Namibia: Understanding HPV and Cervical Cancer

AFTER cervical cancer claimed the life of a loved one last year, 21-year-old *Irene has since educated herself about a sexually transmitted infection called the human papilloma virus.

Her aunt was diagnosed with cervical cancer in January last year.

Prior to any real knowledge she had gathered about the human papilloma virus ( HPV), she already heard about the vaccine in high school, but had not decided on getting it.

"I grew up with friends who got the vaccine at the age of 15 already," she said.

Although she heard about various female screening procedures such as the 'Pap smear' test throughout her teenage years, it was never something she concerned herself with.

However, when Irene's aunt passed away in July last year, she became curious about what led to her aunt's sudden death.

"I only heard and learnt about it [HPV] because of [my aunt's] cervical cancer," she said, "I heard it goes around [passed on], and you get warts on your genitals," she added.

It was not until April this year that she went to seek professional advice from a gynaecologist about what HPV is.

She was recommended to get the vaccine thereafter.

Prevention is better than cure

On the day she got the vaccine, Irene recalled feeling nervous.

Although the doctor explained the benefits and importance of the HPV vaccine, she did not know how her body would react to it.

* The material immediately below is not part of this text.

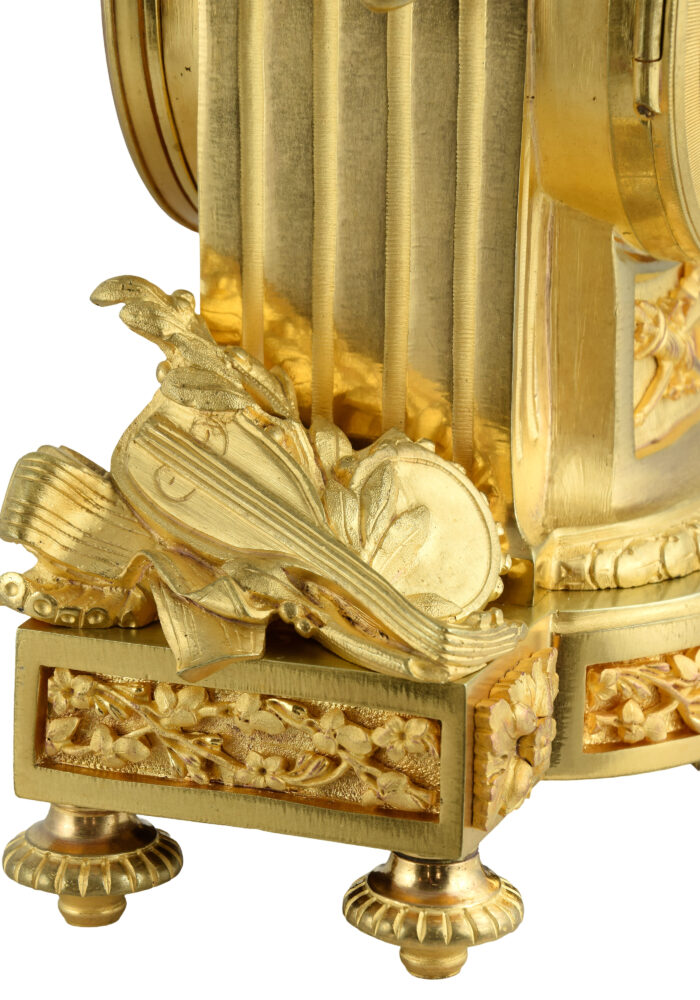 Pendule aux attributs de la musique, guerre et de la Paix – Image 6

"I don't like needles, so the physical pain bothered me," she said.

"After I got the shot, I had no appetite, I just got a temperature," she explained, noting that there were no major side effects.

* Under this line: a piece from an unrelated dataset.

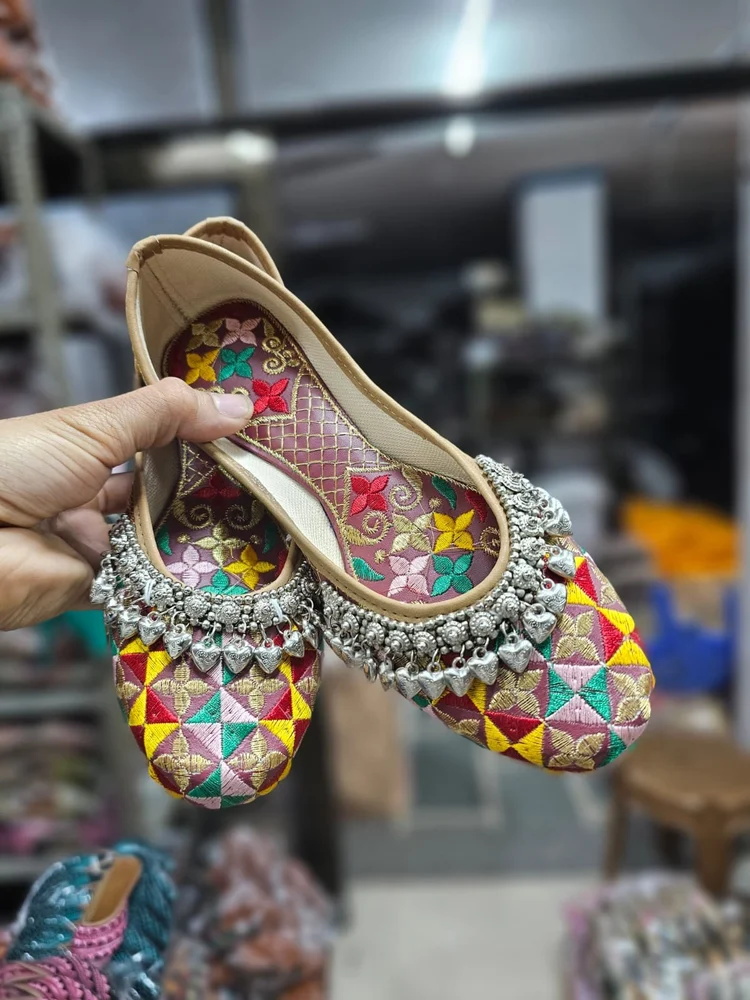 Chaandni Toes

When she approached her parents about her decision to get the vaccine, they supported her after she explained to them why it is important.

Irene has received two HPV shots so far. She will get her third and final vaccine next month.

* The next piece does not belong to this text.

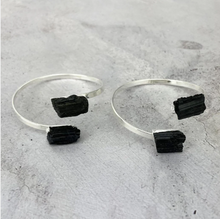 Load image into Gallery viewer, Cryta-Cuff Bracelet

Understanding HPV and medical screenings

Statistics from the Cancer Association of Namibia (CAN) show that between 2007 and 2017, 2 461 cervical cancer cases were recorded.

According to the association, HPV is a sexually transmitted infection, with over 150 different types or strands.

CAN states that usually in younger women, this virus disappears on its own within two years.

However, certain types of HPV have been linked to a high risk or cervical cancer.

"HPV is scary," said Aina Nghitongo, a nurse at the association, adding that it can be contracted quite easily.

"Cervical cancer is not genetic. It's not like breast cancer, where there's a higher chance if it runs in the family," she added.

"HPV has different strands ,but only HPV-16 and HPV-18 cause cervical cancer; other strands commonly cause warts and herpes," she explained.

Nghitongo said HPV affects both men and women. The HPV vaccine can be given to males and females as early as at age 9.

While HPV is the leading cause of cervical cancer, cancer does not develop for 10 or more years after the virus is contracted.

Through regular Pap smear tests and new screening methods such as visual inspection with acidotic acid, doctors and clinicians are able to monitor cells on the cervix for any abnormalities, and treat them thereafter.

A Pap test ('Pap smear' test) is a method of cervical screening used to detect potentially pre-cancerous and cancerous processes in the cervix (opening or lower part of the uterus and womb).

It is done at a medical office or clinic on an exam table by a healthcare professional who inserts an instrument called a speculum into the vagina to widen it so that the upper portion of the vagina and the cervix can be seen for examination, the CAN expert added.

HPV risk factors include smoking, multiple sex partners, and exposure to sexually transmitted infections.

She added that people most at risk of contracting HPV are those who have a history of previous abnormal pap smear results, and those who are HIV positive.

"The best time to give the vaccine is before you start having sex," she said.

The recommendation is to get the two-dose series between ages 9 and 14 for HIV negative minors.

Anyone who receives the vaccine above the age of 15, needs three-series doses to complete their vaccine.

Nghitongo said the second dose should be taken two months from the initial dose, and the third one six to 12 months after the second dose.

The nurse went on to say that people with HPV do not always know they are infected, and never develop health problems from it.

She reiterated that the pre-cancerous stage for women who test positive for HPV-16/HPV-18 can last for 10 years before it becomes cancer.

However, with most HPV strands, a health body's immune system is able to fight off the infection within two years.

HPV is spread by intimate skin-to-skin contact. Although in most cases the virus is passed on through vaginal and anal sex, people can also get it through oral sex.